Only with her. Only with Penny.

She wrapped her arms around his neck and leaned into him, her breasts sliding against his chest. He ran his hands up and down her body, the slick feel of her skin beneath his hands a match held to the dynamite crouched inside him. “Damn, you feel good.”

“You, too,” she whispered. “Blast it, you, too.”

He smiled against her mouth. She didn’t want to want him, he thought. But she did and that was good enough. Colt turned her so that her back was to the water tumbling from the narrow, outdated showerhead. She looked up at him as the hot water landed on her shoulders to roll down her body in rivulets.

“Colt—”

“Let me touch you,” he whispered, sliding one hand down from her breast. His fingertips trailed along her rib cage and down over her abdomen.

She shivered, closed her eyes and hissed in a breath. “I don’t know...”

“I do,” he said and kissed her again as he dipped first one finger and then two into her tight, wet heat.

She gasped and clutched at him, hands grabbing at his shoulders. Her breath came fast and shallow, small puffs against his skin. He touched her deeper, stroking her intimately until she rocked into his hand, reaching for the climax he was pushing her toward. His thumb moved over the heart of her, that one nub of sensation that fueled the fire inside her until it became a raging inferno.

She spread her legs for him, welcoming his touch, his caresses. Then she slid one hand from his shoulders, down the length of his body until her long, delicate fingers closed around the hard length of him. Then it was Colt’s turn to hiss in air and tremble under the onslaught of too many sensations.

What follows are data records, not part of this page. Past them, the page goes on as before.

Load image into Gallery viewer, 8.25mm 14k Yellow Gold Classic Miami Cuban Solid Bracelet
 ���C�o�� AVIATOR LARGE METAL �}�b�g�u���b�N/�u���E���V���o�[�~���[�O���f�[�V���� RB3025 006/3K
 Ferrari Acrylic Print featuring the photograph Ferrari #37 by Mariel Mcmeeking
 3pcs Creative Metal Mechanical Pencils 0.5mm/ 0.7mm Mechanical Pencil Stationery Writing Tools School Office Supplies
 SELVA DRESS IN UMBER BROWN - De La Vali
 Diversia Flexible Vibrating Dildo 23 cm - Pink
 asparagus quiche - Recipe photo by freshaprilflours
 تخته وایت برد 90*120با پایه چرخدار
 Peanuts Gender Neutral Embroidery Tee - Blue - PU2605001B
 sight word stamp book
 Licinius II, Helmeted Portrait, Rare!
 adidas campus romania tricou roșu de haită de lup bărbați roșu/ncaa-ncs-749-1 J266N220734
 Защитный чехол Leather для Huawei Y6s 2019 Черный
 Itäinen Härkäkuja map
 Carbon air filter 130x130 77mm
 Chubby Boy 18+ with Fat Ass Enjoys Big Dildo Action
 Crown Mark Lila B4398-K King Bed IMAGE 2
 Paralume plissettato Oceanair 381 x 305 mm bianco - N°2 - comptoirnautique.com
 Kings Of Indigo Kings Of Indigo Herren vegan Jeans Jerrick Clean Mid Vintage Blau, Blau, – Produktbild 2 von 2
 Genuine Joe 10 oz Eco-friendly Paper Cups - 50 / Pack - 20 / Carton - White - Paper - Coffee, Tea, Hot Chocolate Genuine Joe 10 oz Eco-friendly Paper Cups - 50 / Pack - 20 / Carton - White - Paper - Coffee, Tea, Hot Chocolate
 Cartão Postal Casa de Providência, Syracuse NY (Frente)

“That’s cheating,” he said softly.

“All’s fair—you know.” She groaned as he stroked her again, rubbing the core of her harder while his fingers delved deeper inside her body.

He took her—and she took him. Her fingers moved on him until it was all Colt could do to keep his feet. His vision blurred as completion roared toward him. But he wouldn’t do it. Wouldn’t surrender to what she was making him feel. Not until he’d seen her shatter in his arms.

It didn’t take much longer.

He kissed her hungrily, allowing her to feel everything he felt. He wanted her to know what she was doing to him. Her breath quickened. She tore her mouth from his. Her eyes went wide and wild and she shouted his name hoarsely as her climax slammed into her.

Colt held her close until the last of her tremors had passed. Only then did he think about himself and the fact that his body was aching for the same release she’d just experienced. Then Penny looked up into his eyes and smiled. Her grasp on him tightened and he surged into her hand. Her thumb moved over the tip of him and that sensation nearly sent him over the edge. His self-control was unraveling. Fast.

No other woman had ever affected him like Penny could. From the first moment he’d met her, there had been an electricity between them. A single touch was all it took to shower them both with sparks that they could find nowhere else. Everything about her was...more. She excited him, infuriated him and aroused him more than he would have believed possible.

But when he came, it was going to be inside her. He pulled away from her only long enough that she was forced to stop rubbing and stroking him, though the action cost him. Aching need clawed at him and he read new desire in Penny’s eyes, too. They had always been explosive when they came together and it seemed nothing had changed since he’d last seen her.

“That’s it,” he muttered. “Bed. We need the bed.”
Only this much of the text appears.